Irreverent and visually hypnotic are the designs of Constança Entrudo, a Lisbon designer with a degree from the prestigious Central Saint Martins in London. Despite her youth, the designer has plenty of experience under her belt after working with the likes of Peter Pilotto, Marques'Almeida or Olivier Rousteing’s Balmain.
Constança Entrudo launched her brand two years ago as part of the Spring Summer 2018 edition of ModaLisboa. She wanted to explore fashion beyond the notions of age and gender. So her clothes are streamlined and futuristic, as reflected in her latest collection titled ‘All that is solid melts into air’. Neon yellow and green hues were combined with soft lavender and off-white across ethereal dresses, asymmetrical hemlines and unusual shapes. Sheer fabrics and ‘wet’ makeup looks completed the showcase, which was supported by a performance from Californian rapper and LGBTI activist Mykki Blanco. Entrudo’s was probably the most visually sumptuous runway show of the Portuguese season.

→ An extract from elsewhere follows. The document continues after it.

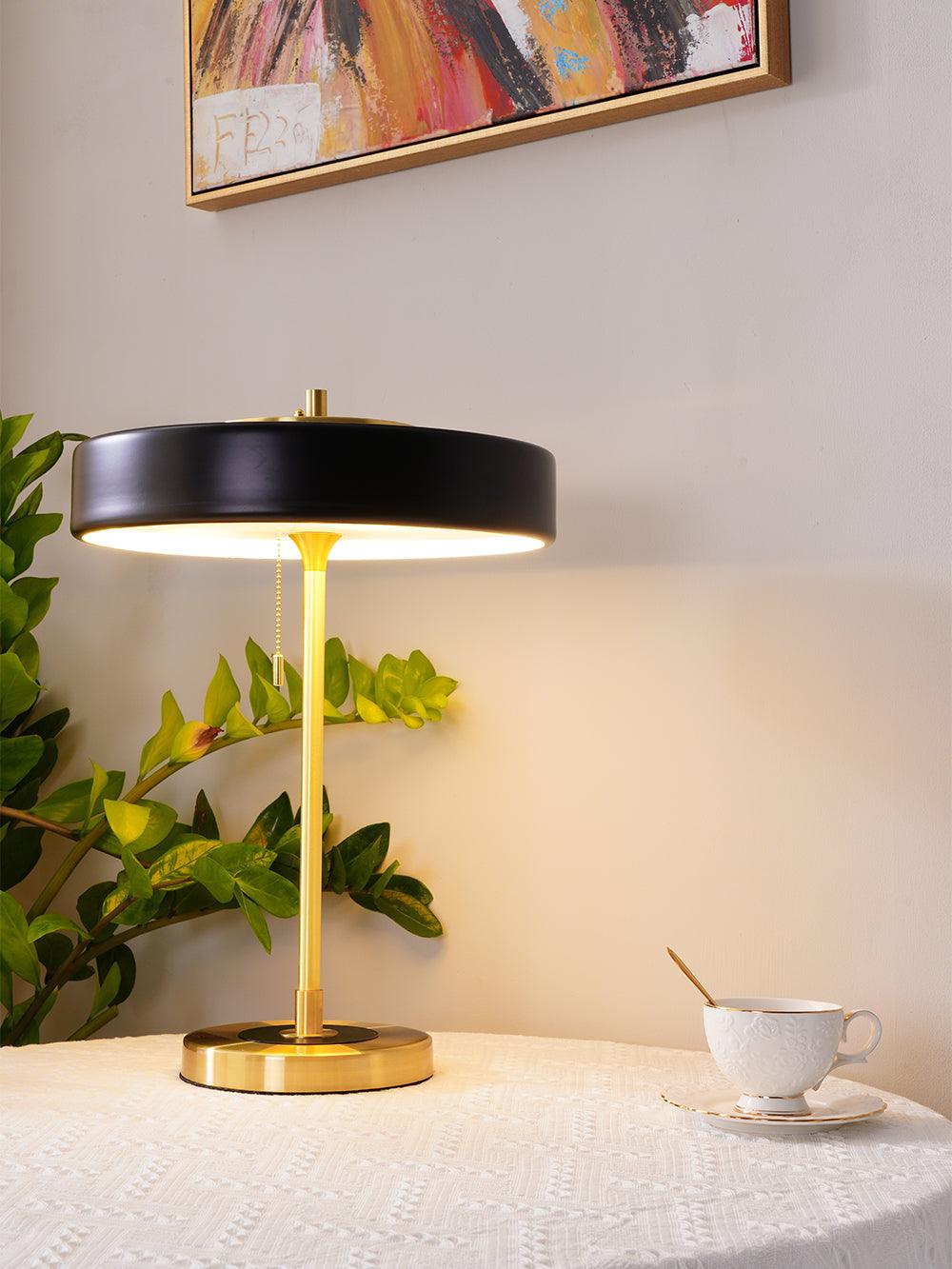 Paula moderne bordlampe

At the age of 26, Carolina Machado has achieved more than most: she has already designed seven collections for her own label. Irreverent, but with a softness that makes her stand out from the crowd, the womenswear designer presents sophisticated and minimalist silhouettes in silver shades and pastel tones. Her use of lycra and cotton ensure there’s a commercial side to her, uncovering her national and international aspirations. Her collection is currently available on her site as well as via online platforms like Minty Square and Ivalo. The brand can also be found in the Patriksson Communication showroom in Sweden.
Another standout collection is that of Joao Magalhaes, who launched his namesake brand in March last year after exploring the world of fashion accessories through his Morecco brand since 2014. With an androgynous aesthetic and an ingenious philosophy, the emerging label explores new concepts through innovative materials and artisanal techniques, like hand embroidery. The latest runway show, featuring swimwear pieces from Studio Arena, was inspired by Donna Haraways’ Cyborg Manifesto, bridging the gap between man, nature and machine through sheer fabrics, ruffles and satin.
“We believe that gender is irrelevant when it comes to designing clothes,” says streetwear brand Hibu. Created in 2013, the Portuguese brand’s CRU-L show hosted a cast of male and female models who, after walking down the runway, exchanged their clothes to demonstrate the unisex appeal of the utilitarian collection. Oversized silhouettes, boiler suits and tie-dye t-shirts and sweatshirts dominated in a highly wereable range. The garments are 100% made in Portugal, and retail for 100 euros for a pair of jeans to 170 for a jacket.